* [Data extract]
++++++

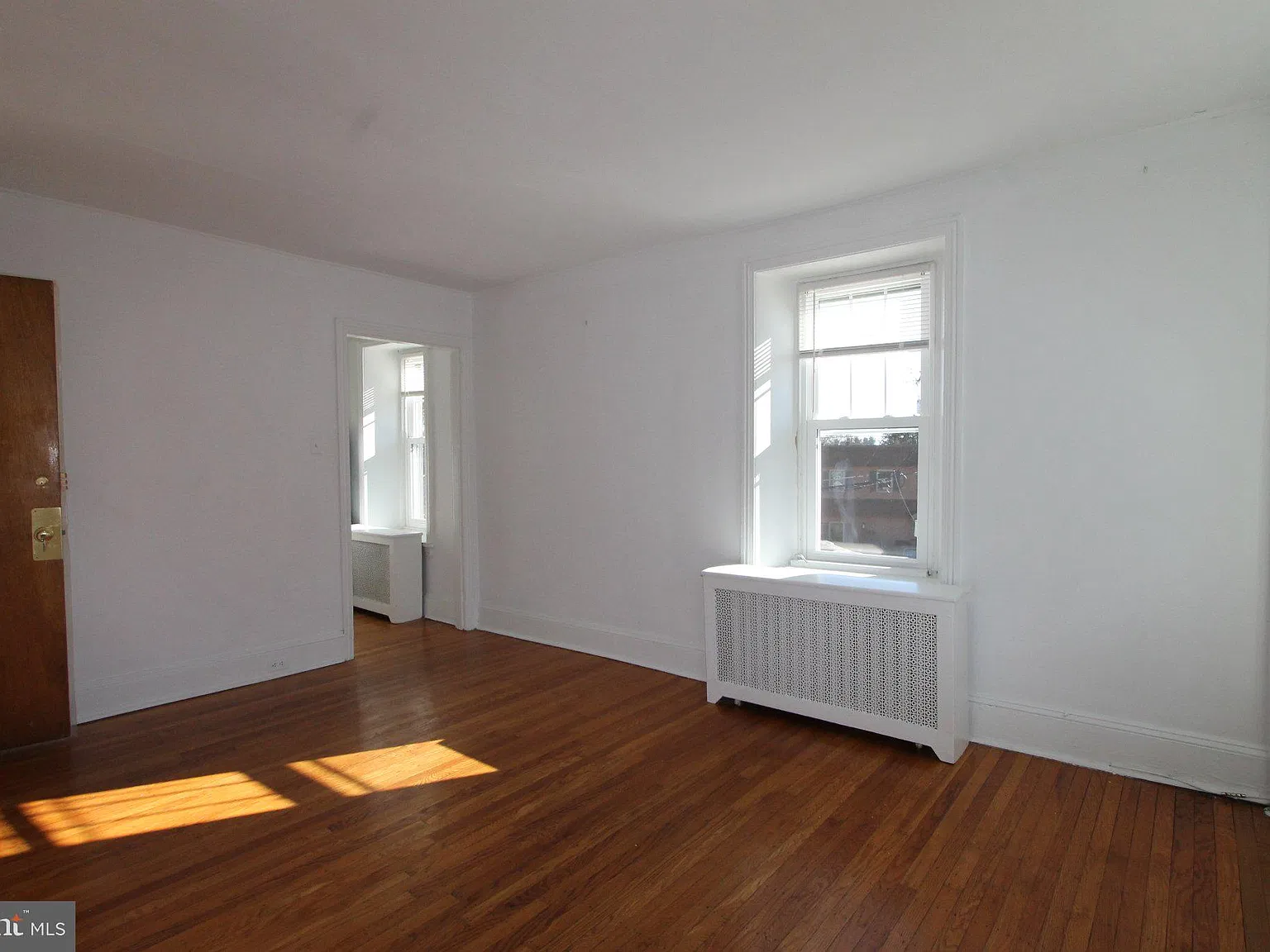 1 bed, 1.0 bath, 600 sqft, $1,300 — Photo 3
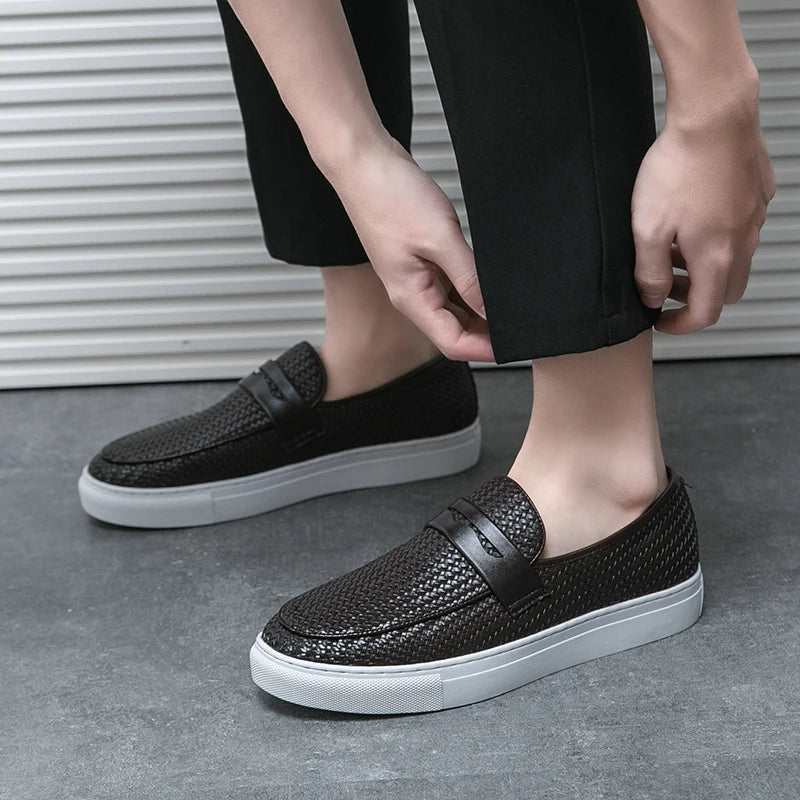 Fashion Slip On Loafers Men Shoes Board Soft Casual Leather Shoes Men Sneakers Party Weave Pattern Shoes For Man Flat Free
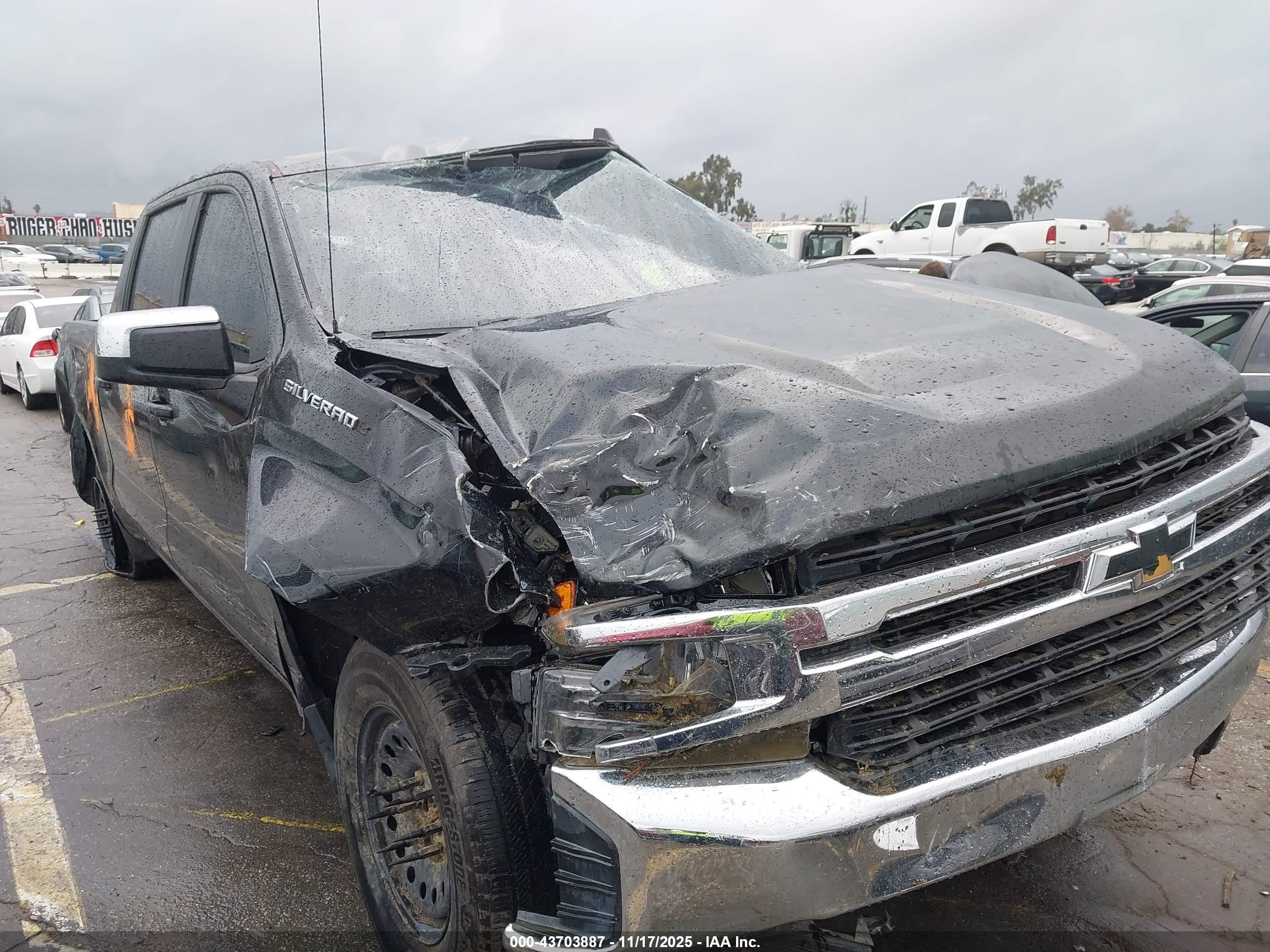 CHEVROLET SILVERADO image 6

++++++

All that is needed here is the run of lines from the one containing "Fashion Slip On" through the end of the material above, reproduced exactly and without pictures.

* [Response]
 Fashion Slip On Loafers Men Shoes Board Soft Casual Leather Shoes Men Sneakers Party Weave Pattern Shoes For Man Flat Free
 CHEVROLET SILVERADO image 6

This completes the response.